§ **Material for this task**
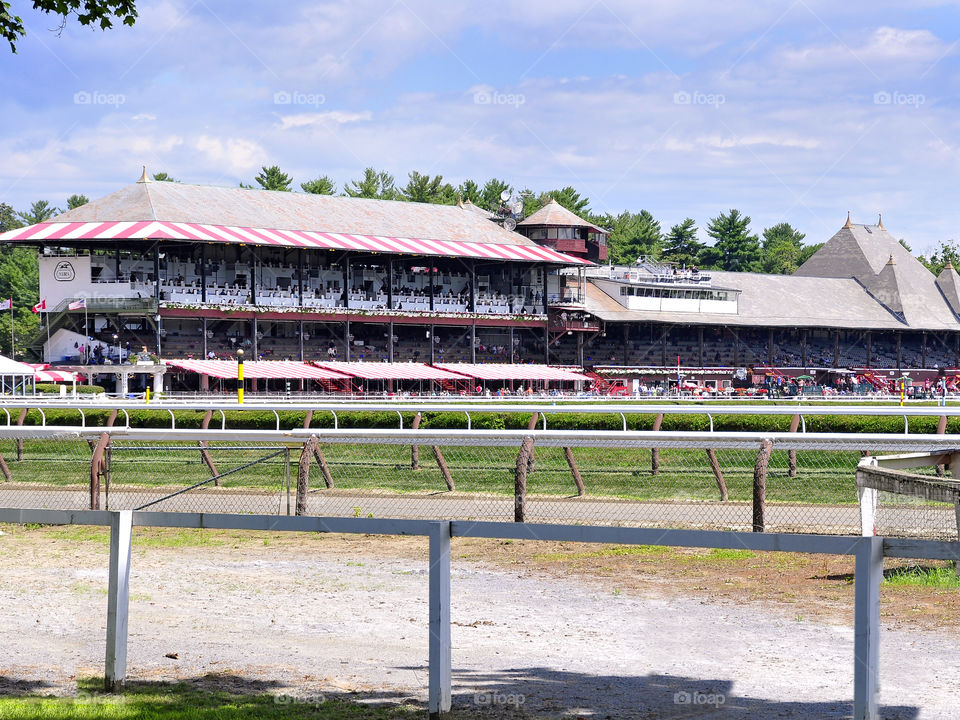 Saratoga Race Course

photos available at:
zazzle. com/Fleetphoto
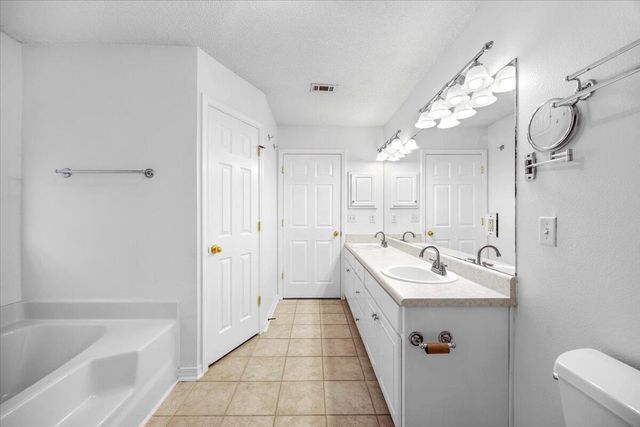 9655 Parker Lake Circle, Navarre, FL 32566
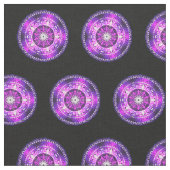 Lila rosa Mandala-Design auf schwarzem Hintergrund Stoff (Nahaufnahme)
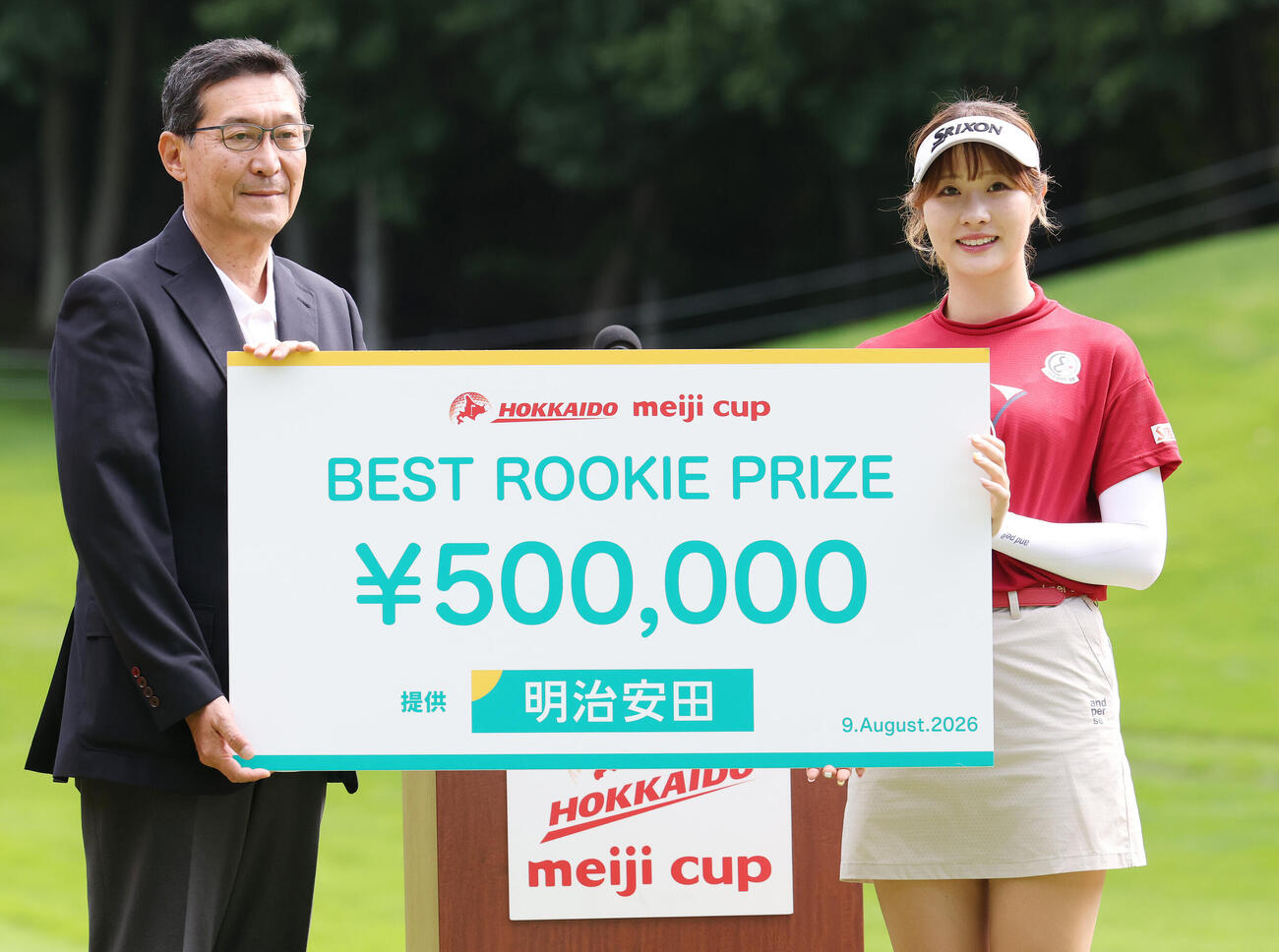 ベストルーキー賞に輝いた都玲華（撮影・宮地輝）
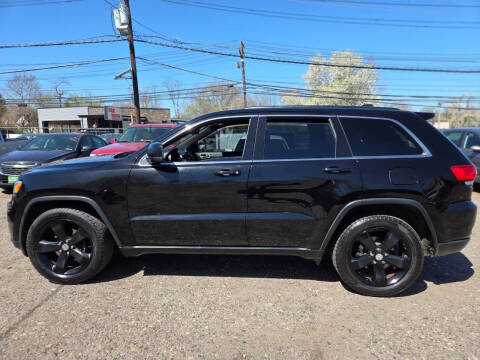 2017 Jeep Grand Cherokee Laredo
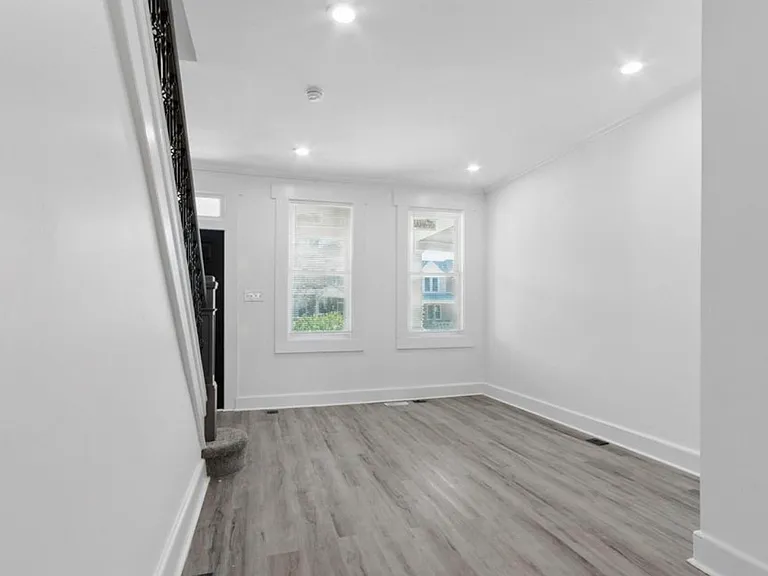 2582 Edmondson Ave — Photo 12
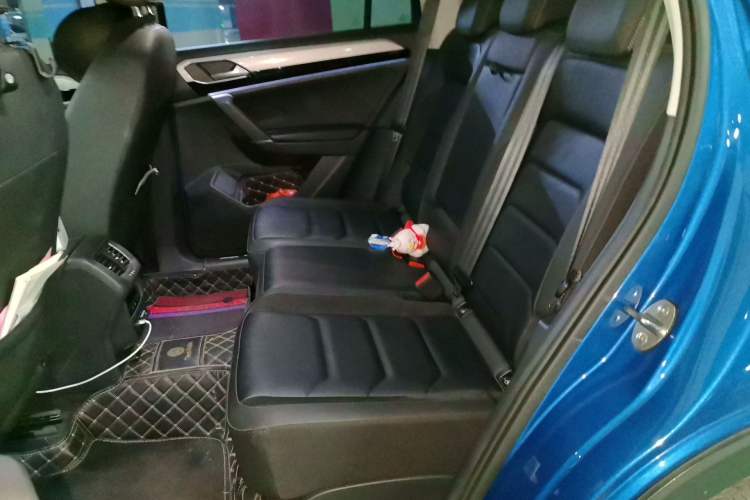 Used Volkswagen Tayron 2020 280TSI Two-Wheel Drive Luxury Connect Edition Left Rear Seat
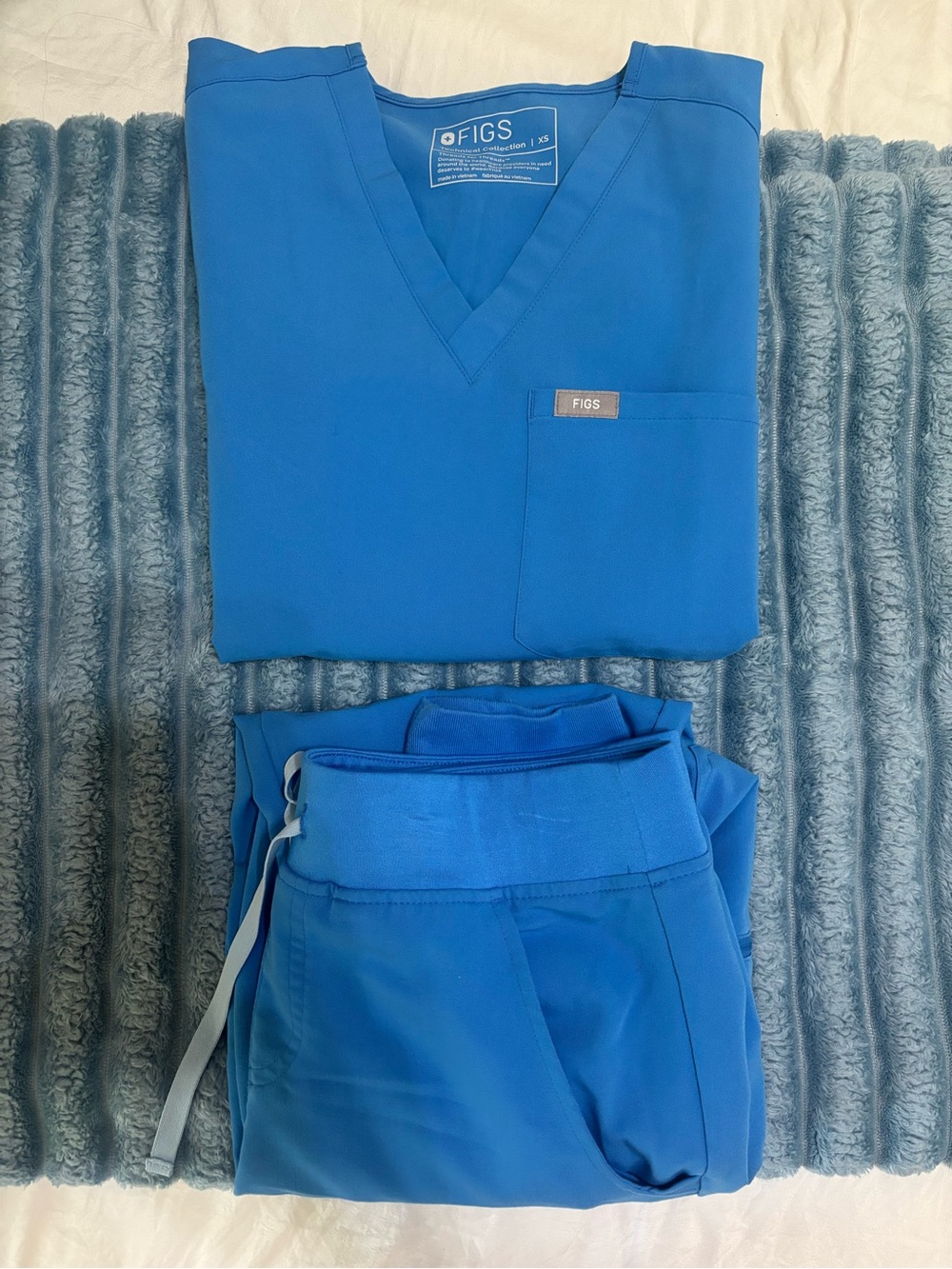 FIGS Capri Blue V-Neck Scrub Top and bottom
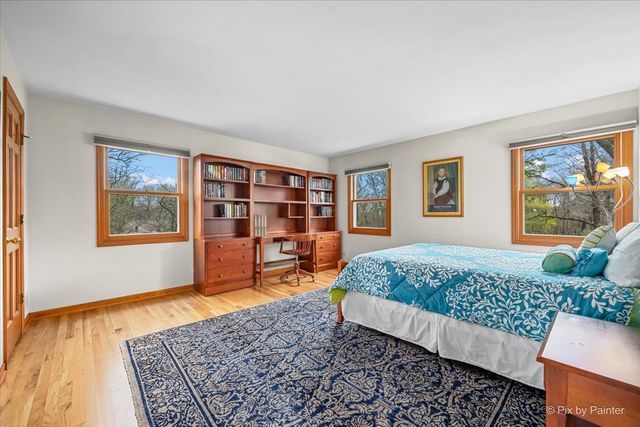 25089 N Pawnee Road, Barrington, IL 60010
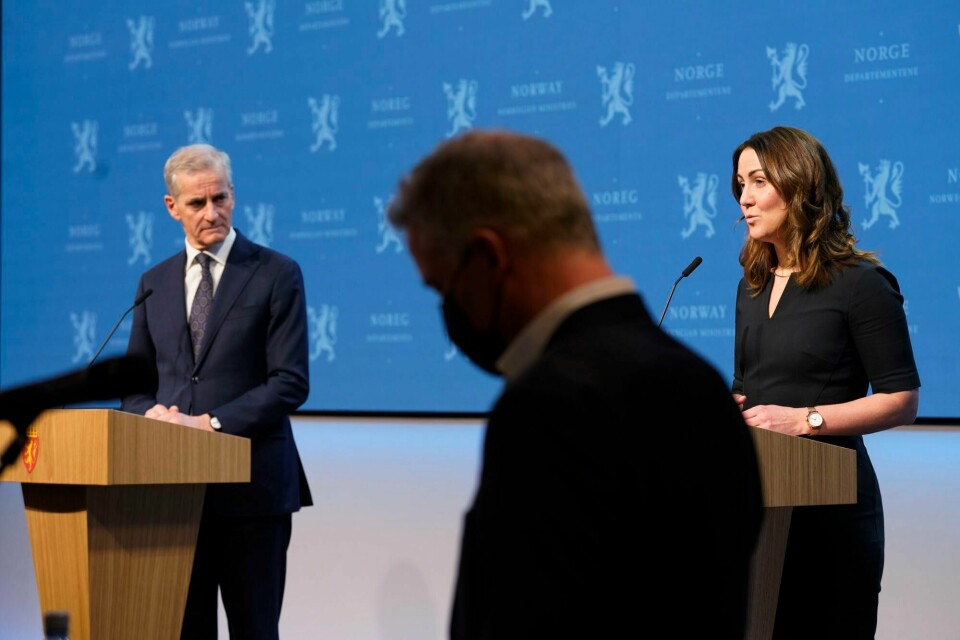 Jonas Gahr Støre fortsetter som leder. Tonje Brenna blir ventelig nestleder. Resten av ledelsenskabalen i Ap er fortsatt i det blå. Jonas Gahr Støre fortsetter som leder. Tonje Brenna blir ventelig nestleder. Resten av ledelsenskabalen i Ap er fortsatt i det blå.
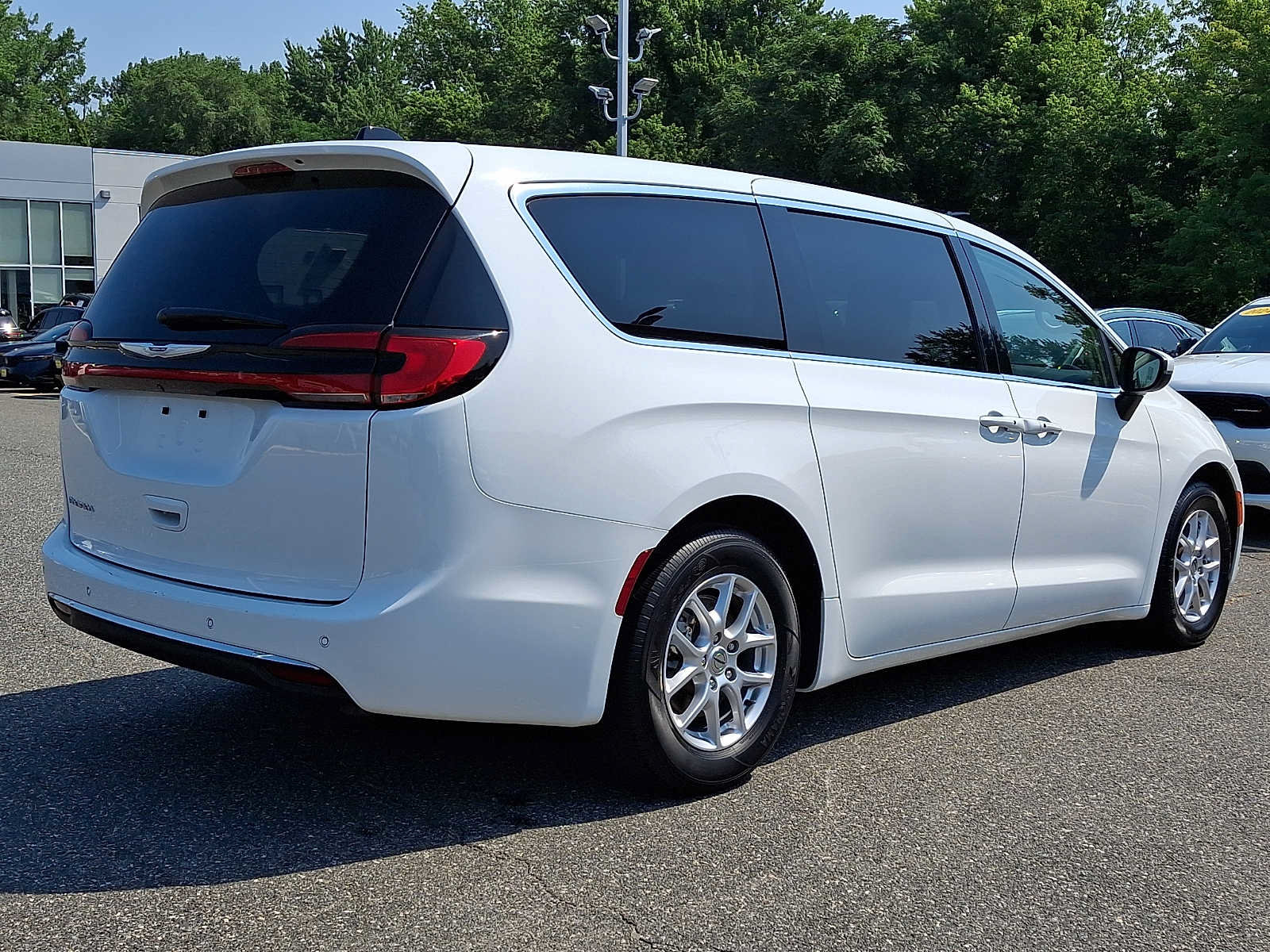 Certified 2023 Chrysler Pacifica Touring-L FWD image 6
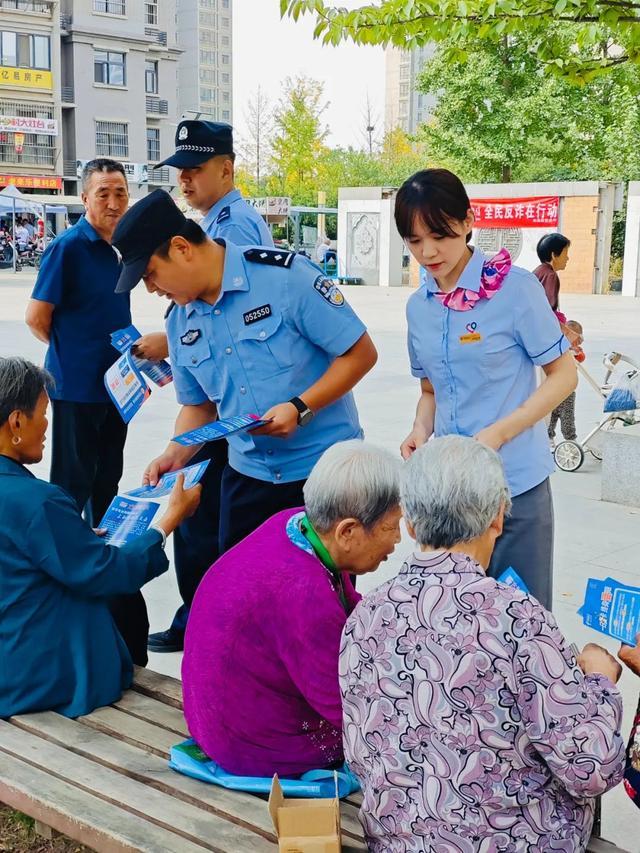 反诈宣传持续用力 警企联动共护平安——西安高新公安西太南路派出所深入社区持续开展反诈宣防活动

§ **Exercise**
A faithful copy of all the entries is required, pictures excluded.

§ **Reply to the task**
 Saratoga Race Course

photos available at:
zazzle. com/Fleetphoto
 9655 Parker Lake Circle, Navarre, FL 32566
 Lila rosa Mandala-Design auf schwarzem Hintergrund Stoff (Nahaufnahme)
 ベストルーキー賞に輝いた都玲華（撮影・宮地輝）
 2017 Jeep Grand Cherokee Laredo
 2582 Edmondson Ave — Photo 12
 Used Volkswagen Tayron 2020 280TSI Two-Wheel Drive Luxury Connect Edition Left Rear Seat
 FIGS Capri Blue V-Neck Scrub Top and bottom
 25089 N Pawnee Road, Barrington, IL 60010
 Jonas Gahr Støre fortsetter som leder. Tonje Brenna blir ventelig nestleder. Resten av ledelsenskabalen i Ap er fortsatt i det blå. Jonas Gahr Støre fortsetter som leder. Tonje Brenna blir ventelig nestleder. Resten av ledelsenskabalen i Ap er fortsatt i det blå.
 Certified 2023 Chrysler Pacifica Touring-L FWD image 6
 反诈宣传持续用力 警企联动共护平安——西安高新公安西太南路派出所深入社区持续开展反诈宣防活动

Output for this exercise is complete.